L’ingresso principale al Padiglione è filtrato da una piccola “piazza” di accoglienza che può essere comletata con sedute e piccoli arredi, da cui si accede al primo blocco chiuso in cui si trovano uno spazio espositivo allestito anche per videoproiezioni e due moduli “didattici”. Successivamente si passa per un secondo spazio aperto, munito di accessi secondari, per arrivare nell’area coperta terminale, caratterizzata da un’ampia sala per videoproiezioni da cui emerge il terzo modulo “didattico”. Questi tre moduli, evidenziati visivamente dal rosso acceso dei pannelli in PC, raccontano, con un’ironica autocritica, tre casi di mancata applicazione della normativa progettuale e, soprattutto, del buon senso che un progettista deve avere come fondamento base: altezza minima dei locali, larghezza minima dei corridoi e dei passaggi, e, puramente legato al buon senso, la praticità e la funzionalità di uno spazio legato all’attività che vi si svolge.
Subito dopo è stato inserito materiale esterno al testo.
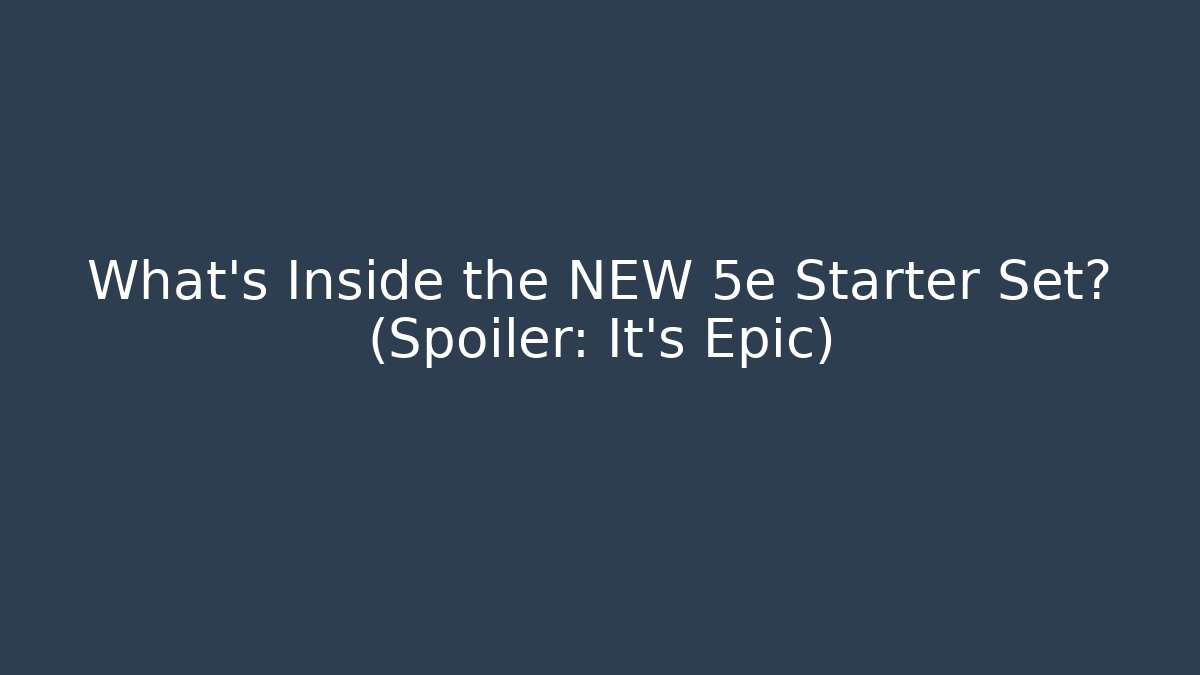 What's Inside the NEW 5e Starter Set? (Spoiler: It's Epic)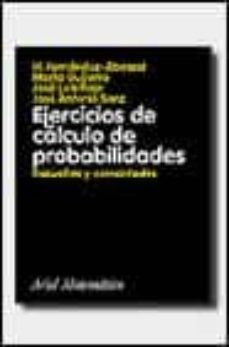 ejercicios de calculo de probabilidades: resueltos y comentados-h. fernandez abascal-9788434404830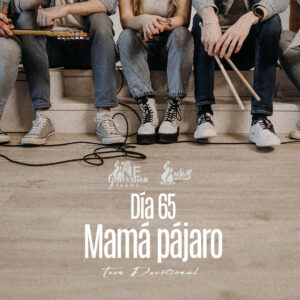 Read more about the article Día 65 • Mamá pájaro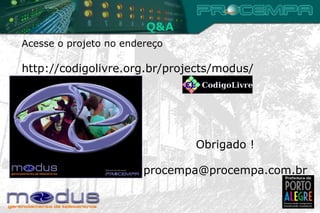 Q&A Acesse o projeto no endereço  http://codigolivre.org.br/projects/modus/ Obrigado ! [email_address] 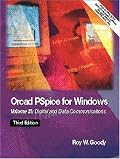 OrCAD PSpice for Windows Volume III: Digital and Data Communications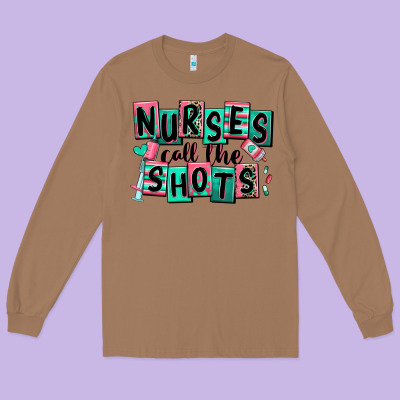 Long Sleeve Tee nurses call the shots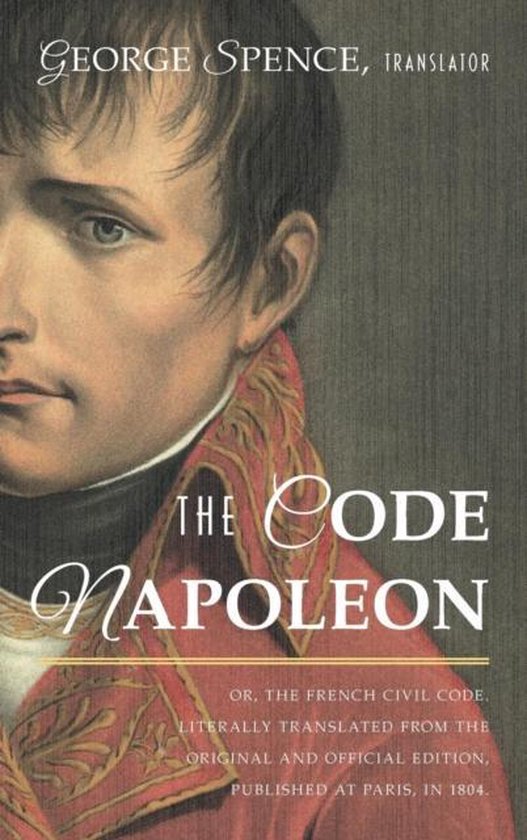The Code Napoleon; Or, the French Civil Code. Literally Tran ... - cover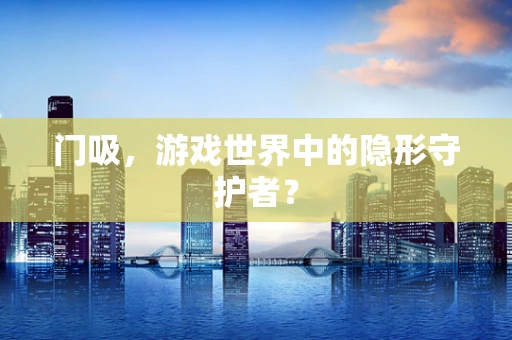 门吸，游戏世界中的隐形守护者？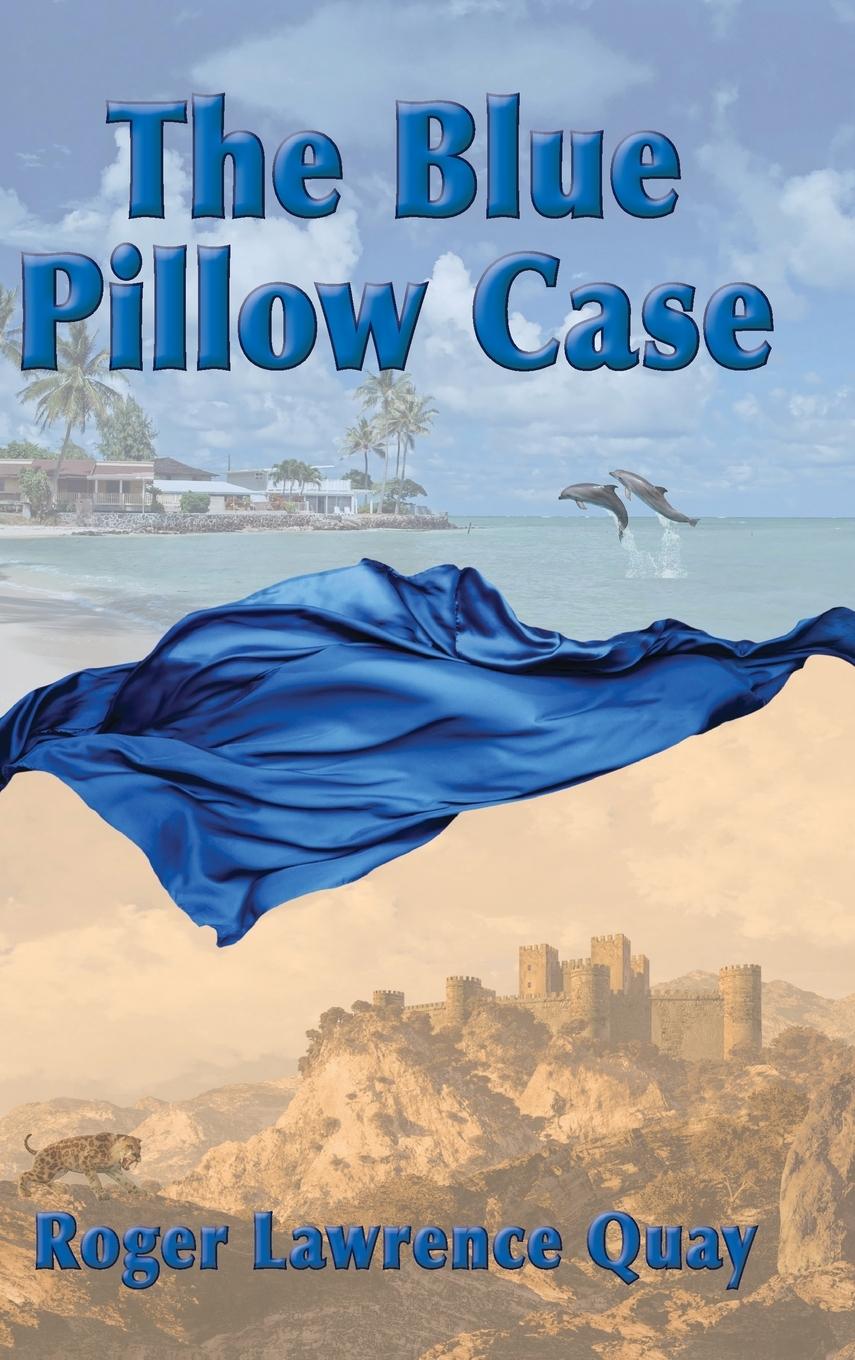 Knjiga Blue Pillow Case Roger Lawrence Quay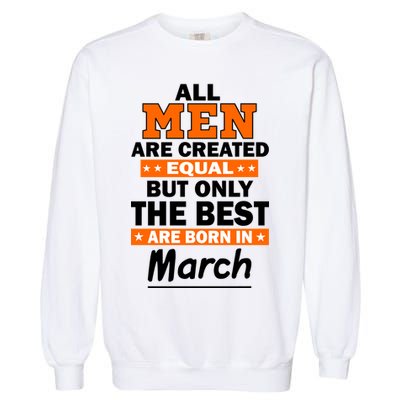 All Men Are Created Equal The Best Are Born In March Garment-Dyed Sweatshirt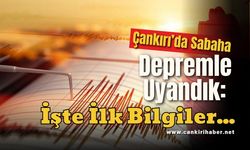 Çankırı’da Sabaha Depremle Uyandık: İşte İlk Bilgiler...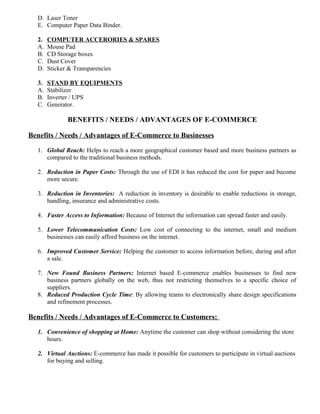 D. Laser Toner
E. Computer Paper Data Binder.
2. COMPUTER ACCERORIES & SPARES
A. Mouse Pad
B. CD Storage boxes
C. Dust Cover
D. Sticker & Transparencies
3. STAND BY EQUIPMENTS
A. Stabilizer
B. Inverter / UPS
C. Generator.
BENEFITS / NEEDS / ADVANTAGES OF E-COMMERCE
Benefits / Needs / Advantages of E-Commerce to Businesses
1. Global Reach: Helps to reach a more geographical customer based and more business partners as
compared to the traditional business methods.
2. Reduction in Paper Costs: Through the use of EDI it has reduced the cost for paper and become
more secure.
3. Reduction in Inventories: A reduction in inventory is desirable to enable reductions in storage,
handling, insurance and administrative costs.
4. Faster Access to Information: Because of Internet the information can spread faster and easily.
5. Lower Telecommunication Costs: Low cost of connecting to the internet, small and medium
businesses can easily afford business on the internet.
6. Improved Customer Service: Helping the customer to access information before, during and after
a sale.
7. New Found Business Partners: Internet based E-commerce enables businesses to find new
business partners globally on the web, thus not restricting themselves to a specific choice of
suppliers.
8. Reduced Production Cycle Time: By allowing teams to electronically share design specifications
and refinement processes.
Benefits / Needs / Advantages of E-Commerce to Customers:
1. Convenience of shopping at Home: Anytime the customer can shop without considering the store
hours.
2. Virtual Auctions: E-commerce has made it possible for customers to participate in virtual auctions
for buying and selling.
Si presentano quindi tre momenti in che pongono il visitatore dinnanzi ad altrettante situazioni limite: un passaggio con altezza pari a 120cm, una coppia di corridoi con larghezza pari a 50cm e 70cm e, infine, una situazione paradossale di un posto a sedere che, rivolto verso la parete adibita a videoproiezioni, gode di una visuale grottescamente oscurata dalla presenza di un pilastro “casualmente” localizzato proprio in traiettoria. Ognuno dei moduli ha inoltre una didascalia che ne risalta il significato, riportando citazioni di normative e trattati d’architettura.